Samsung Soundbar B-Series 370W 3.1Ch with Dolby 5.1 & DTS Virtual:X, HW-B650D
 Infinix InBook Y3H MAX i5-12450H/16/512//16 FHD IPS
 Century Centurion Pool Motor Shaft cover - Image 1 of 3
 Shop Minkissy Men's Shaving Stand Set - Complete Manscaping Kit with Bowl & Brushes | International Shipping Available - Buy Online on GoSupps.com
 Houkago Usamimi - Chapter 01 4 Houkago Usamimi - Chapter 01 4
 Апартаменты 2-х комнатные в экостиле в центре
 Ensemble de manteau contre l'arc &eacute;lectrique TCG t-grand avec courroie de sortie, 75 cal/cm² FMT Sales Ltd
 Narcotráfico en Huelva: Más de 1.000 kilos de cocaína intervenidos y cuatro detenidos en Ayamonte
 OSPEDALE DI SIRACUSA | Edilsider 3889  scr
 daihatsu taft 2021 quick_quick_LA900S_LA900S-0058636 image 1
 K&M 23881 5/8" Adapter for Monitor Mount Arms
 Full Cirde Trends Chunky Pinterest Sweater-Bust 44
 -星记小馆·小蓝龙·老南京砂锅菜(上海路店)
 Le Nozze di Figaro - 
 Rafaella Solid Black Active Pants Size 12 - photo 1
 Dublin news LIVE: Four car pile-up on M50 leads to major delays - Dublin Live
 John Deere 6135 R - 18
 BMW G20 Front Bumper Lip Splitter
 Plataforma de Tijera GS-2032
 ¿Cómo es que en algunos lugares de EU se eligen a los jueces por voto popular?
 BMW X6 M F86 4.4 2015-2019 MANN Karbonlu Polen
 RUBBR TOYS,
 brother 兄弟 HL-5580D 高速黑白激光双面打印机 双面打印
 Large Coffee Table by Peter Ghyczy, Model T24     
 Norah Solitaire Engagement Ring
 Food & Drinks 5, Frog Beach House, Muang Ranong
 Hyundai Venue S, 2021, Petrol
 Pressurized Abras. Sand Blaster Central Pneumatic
☆ ☆ ☆ ☆ ☆
▶ [EXERCISE DESCRIPTION]:
Gather up the lines containing the word "with" from these records and copy them.

▶ [OUTPUT FOR THIS TASK]:
Samsung Soundbar B-Series 370W 3.1Ch with Dolby 5.1 & DTS Virtual:X, HW-B650D
 Shop Minkissy Men's Shaving Stand Set - Complete Manscaping Kit with Bowl & Brushes | International Shipping Available - Buy Online on GoSupps.com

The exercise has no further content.